The main issues seem to center around non-identifiability (or limited identifiability) of these kind of models, even in the presence of data across the full range of the sigmoid curve. This is obvious from the correlation between the model parameters b, c, d, and \hat{e}. Identifiability gets even worse if measurements are located towards the tail ends of the sigmoid function.
Still, I think partial pooling should help here. Even if we have limited data for some drugs, the distribution of the parameters b, c, d, and \hat{e} which we learn from all measurements should provide better estimates for those drugs as well.
Unfortunately, in its current form, the model doesn’t seem to do that: The model works fine for well-behaved & “good” data; as soon as we include data that doesn’t show a clear sigmoid trend, the sampler struggles and gives (lots of) divergent transitions.

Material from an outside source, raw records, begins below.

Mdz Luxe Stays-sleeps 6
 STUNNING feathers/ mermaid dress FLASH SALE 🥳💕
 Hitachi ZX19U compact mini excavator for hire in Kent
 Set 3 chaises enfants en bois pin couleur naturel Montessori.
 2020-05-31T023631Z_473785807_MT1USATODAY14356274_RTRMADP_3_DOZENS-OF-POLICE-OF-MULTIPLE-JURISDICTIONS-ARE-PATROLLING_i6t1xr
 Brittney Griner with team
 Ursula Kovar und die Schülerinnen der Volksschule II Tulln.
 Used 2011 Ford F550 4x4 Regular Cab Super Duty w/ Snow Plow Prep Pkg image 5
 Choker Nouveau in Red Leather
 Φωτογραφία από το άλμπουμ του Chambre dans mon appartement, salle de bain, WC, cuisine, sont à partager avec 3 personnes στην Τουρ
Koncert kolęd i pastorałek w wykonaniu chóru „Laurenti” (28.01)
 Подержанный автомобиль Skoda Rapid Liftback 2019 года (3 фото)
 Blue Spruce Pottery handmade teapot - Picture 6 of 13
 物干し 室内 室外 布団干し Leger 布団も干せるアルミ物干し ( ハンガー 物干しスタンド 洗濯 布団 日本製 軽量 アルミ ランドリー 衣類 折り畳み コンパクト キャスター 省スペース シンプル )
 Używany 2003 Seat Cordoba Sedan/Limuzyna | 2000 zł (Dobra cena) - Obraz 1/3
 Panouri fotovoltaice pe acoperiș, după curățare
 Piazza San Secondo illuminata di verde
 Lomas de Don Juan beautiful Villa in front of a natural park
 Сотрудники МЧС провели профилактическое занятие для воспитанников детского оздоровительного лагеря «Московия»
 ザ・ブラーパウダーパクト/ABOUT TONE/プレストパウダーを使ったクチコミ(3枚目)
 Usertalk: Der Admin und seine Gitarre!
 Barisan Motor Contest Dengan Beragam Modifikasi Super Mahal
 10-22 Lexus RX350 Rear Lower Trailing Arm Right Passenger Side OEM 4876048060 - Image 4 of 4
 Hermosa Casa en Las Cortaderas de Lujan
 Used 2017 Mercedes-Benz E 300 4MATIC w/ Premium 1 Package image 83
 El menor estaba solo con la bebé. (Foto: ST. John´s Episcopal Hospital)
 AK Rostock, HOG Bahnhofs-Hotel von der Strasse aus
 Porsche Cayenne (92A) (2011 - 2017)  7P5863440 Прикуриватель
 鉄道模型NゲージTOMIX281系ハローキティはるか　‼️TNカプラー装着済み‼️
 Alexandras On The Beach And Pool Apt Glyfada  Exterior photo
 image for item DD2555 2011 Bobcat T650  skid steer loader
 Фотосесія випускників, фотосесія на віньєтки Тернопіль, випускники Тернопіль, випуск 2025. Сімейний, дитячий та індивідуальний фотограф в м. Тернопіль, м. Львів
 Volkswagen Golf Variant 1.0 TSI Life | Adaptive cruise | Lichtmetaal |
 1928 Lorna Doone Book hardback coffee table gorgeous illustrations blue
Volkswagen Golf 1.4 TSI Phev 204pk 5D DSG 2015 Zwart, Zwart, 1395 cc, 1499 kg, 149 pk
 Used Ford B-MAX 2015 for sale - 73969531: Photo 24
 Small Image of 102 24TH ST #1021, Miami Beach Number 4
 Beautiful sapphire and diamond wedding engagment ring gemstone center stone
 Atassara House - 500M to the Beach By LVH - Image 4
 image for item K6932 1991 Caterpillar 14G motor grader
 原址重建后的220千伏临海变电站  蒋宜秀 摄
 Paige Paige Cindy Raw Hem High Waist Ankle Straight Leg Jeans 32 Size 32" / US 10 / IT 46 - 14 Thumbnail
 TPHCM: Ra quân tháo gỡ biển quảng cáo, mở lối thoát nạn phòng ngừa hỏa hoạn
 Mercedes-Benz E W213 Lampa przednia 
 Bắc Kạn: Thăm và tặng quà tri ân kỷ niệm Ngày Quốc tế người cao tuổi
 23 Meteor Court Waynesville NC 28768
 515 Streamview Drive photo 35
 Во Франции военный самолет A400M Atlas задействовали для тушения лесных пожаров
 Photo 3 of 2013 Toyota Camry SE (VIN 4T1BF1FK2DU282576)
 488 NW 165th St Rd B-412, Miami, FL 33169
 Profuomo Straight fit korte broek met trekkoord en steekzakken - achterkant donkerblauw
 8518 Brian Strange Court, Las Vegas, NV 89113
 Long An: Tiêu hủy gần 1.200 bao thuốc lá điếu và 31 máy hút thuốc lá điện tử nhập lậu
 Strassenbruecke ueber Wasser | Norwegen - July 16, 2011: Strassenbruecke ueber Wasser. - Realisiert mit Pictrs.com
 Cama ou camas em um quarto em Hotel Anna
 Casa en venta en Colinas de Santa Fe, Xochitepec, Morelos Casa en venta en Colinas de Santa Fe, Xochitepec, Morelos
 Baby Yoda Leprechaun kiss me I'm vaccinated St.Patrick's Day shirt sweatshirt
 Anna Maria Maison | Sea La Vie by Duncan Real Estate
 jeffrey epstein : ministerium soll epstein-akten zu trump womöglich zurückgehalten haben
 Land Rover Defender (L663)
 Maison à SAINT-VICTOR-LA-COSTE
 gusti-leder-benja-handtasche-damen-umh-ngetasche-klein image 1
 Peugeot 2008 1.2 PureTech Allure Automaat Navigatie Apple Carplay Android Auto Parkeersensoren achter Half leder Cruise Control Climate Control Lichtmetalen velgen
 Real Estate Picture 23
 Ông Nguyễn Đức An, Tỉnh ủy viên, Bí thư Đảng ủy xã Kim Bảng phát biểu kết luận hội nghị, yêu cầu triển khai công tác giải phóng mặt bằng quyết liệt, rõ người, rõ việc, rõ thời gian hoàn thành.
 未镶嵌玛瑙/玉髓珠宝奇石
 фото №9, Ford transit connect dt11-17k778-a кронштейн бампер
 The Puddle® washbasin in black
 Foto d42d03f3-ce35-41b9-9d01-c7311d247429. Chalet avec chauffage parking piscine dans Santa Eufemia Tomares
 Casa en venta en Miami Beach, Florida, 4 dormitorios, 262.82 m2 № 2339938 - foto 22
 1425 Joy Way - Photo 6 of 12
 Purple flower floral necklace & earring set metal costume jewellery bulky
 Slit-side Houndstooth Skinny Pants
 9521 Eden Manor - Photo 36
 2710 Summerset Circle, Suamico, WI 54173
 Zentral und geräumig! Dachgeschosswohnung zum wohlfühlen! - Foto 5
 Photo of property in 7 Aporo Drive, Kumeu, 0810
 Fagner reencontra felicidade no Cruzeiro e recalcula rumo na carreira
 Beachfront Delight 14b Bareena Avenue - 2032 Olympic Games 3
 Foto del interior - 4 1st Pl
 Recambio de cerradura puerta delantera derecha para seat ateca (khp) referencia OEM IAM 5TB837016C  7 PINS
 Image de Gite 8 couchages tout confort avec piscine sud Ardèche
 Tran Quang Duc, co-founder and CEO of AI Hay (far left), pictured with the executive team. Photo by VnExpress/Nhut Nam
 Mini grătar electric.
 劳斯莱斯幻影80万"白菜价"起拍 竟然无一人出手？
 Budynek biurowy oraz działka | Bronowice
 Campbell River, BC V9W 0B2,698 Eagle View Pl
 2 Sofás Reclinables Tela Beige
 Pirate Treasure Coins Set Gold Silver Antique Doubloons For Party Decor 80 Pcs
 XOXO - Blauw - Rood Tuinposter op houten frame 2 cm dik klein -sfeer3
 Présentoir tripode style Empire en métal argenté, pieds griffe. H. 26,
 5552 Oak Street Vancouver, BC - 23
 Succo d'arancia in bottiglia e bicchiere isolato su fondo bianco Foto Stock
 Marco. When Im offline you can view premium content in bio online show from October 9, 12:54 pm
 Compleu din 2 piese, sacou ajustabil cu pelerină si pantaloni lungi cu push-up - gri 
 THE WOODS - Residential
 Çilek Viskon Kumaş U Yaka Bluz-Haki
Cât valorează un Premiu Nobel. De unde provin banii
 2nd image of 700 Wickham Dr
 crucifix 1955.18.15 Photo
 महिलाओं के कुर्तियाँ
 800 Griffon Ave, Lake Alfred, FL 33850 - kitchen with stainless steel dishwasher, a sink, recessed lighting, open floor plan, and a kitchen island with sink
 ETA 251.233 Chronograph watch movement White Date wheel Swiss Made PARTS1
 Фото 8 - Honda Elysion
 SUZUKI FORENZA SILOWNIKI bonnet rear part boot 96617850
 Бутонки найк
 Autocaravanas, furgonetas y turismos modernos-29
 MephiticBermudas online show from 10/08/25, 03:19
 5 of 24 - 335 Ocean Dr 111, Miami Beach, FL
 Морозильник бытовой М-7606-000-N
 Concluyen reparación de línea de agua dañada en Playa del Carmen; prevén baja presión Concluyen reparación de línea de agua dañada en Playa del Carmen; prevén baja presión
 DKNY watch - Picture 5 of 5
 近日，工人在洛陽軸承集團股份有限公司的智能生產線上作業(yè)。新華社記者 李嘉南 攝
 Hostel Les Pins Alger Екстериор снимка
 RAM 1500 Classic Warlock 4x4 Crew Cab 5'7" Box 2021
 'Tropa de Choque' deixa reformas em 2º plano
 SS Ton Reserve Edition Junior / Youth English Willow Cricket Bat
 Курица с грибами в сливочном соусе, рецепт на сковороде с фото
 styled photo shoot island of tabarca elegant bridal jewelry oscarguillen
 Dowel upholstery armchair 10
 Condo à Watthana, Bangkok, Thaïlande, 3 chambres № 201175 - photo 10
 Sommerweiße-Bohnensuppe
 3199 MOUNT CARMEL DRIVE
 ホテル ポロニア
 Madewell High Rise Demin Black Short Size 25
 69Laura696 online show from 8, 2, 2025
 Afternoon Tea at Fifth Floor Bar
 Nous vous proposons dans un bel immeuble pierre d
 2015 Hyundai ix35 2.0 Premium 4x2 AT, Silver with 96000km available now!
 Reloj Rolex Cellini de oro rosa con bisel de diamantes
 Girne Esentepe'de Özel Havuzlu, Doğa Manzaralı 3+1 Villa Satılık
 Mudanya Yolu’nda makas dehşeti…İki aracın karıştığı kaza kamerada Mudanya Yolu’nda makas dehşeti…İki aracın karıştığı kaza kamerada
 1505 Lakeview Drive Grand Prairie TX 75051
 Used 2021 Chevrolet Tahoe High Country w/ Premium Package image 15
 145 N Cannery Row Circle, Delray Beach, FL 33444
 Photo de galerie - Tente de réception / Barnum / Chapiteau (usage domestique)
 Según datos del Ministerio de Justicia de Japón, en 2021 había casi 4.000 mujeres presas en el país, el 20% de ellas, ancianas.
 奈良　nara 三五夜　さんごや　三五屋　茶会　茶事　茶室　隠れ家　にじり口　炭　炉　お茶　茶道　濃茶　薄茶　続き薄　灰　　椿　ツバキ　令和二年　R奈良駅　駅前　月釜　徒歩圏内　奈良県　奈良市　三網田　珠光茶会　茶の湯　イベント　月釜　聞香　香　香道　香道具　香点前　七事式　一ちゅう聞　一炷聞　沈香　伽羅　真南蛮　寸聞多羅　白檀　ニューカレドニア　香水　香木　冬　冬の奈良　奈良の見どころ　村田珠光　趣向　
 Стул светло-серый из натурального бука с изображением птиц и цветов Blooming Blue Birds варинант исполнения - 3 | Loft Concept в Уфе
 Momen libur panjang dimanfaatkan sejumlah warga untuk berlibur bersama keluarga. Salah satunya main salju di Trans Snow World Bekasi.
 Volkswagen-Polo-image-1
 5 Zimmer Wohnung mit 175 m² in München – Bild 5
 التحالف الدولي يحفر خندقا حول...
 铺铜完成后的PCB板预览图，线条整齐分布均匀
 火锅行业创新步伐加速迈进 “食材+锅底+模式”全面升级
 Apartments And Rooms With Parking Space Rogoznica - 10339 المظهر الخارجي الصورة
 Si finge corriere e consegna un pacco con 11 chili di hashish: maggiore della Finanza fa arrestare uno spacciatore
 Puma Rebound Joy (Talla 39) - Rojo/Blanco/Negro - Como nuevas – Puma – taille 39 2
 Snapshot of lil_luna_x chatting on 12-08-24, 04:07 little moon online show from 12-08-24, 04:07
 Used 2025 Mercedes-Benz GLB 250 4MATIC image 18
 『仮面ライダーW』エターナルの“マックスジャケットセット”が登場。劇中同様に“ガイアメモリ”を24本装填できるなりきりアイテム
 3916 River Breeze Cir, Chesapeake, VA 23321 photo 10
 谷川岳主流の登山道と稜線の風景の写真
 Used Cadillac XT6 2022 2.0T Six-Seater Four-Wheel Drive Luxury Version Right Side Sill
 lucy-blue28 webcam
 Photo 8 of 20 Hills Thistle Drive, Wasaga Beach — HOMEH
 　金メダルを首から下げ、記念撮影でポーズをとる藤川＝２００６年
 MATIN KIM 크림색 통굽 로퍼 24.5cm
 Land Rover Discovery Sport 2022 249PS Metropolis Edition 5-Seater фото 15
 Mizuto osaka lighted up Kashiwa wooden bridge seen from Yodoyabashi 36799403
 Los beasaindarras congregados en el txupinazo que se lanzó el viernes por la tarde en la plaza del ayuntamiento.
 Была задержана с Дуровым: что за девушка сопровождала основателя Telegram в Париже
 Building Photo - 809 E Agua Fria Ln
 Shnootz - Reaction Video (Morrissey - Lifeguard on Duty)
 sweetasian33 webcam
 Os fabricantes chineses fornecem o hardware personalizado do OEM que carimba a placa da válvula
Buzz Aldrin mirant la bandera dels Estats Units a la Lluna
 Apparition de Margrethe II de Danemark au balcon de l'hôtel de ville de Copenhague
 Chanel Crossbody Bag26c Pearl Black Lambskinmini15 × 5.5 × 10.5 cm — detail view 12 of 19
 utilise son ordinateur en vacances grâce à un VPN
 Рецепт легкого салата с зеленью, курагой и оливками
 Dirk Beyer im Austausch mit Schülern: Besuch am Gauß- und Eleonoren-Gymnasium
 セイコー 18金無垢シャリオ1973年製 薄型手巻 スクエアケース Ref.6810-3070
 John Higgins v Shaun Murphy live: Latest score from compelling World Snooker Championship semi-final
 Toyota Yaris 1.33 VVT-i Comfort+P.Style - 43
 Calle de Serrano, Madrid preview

Some of the things that were discussed in the links that @jroon posted include
- partially pooling some but not all parameters,
- using different parameterisations of the model.
On top of the issues I fixed earlier thanks to @arya and @FJCC, I’ve tried
- partially pooling d_i \sim N(\mu_d, \sigma_d) but having un-pooled c's,
- using non-centred parametrisation for all model parameters (to deal with the funnels in the hyperparameter correlation plots),
- imposing the constraint c_i < d_i on the parameters (this in combination with b > 0 is to ensure that the sigmoid response decreases with increasing concentrations).
None of these attempts have made the fit more stable. Since I’m no Stan expert, this all feels a bit like stabbing in the dark.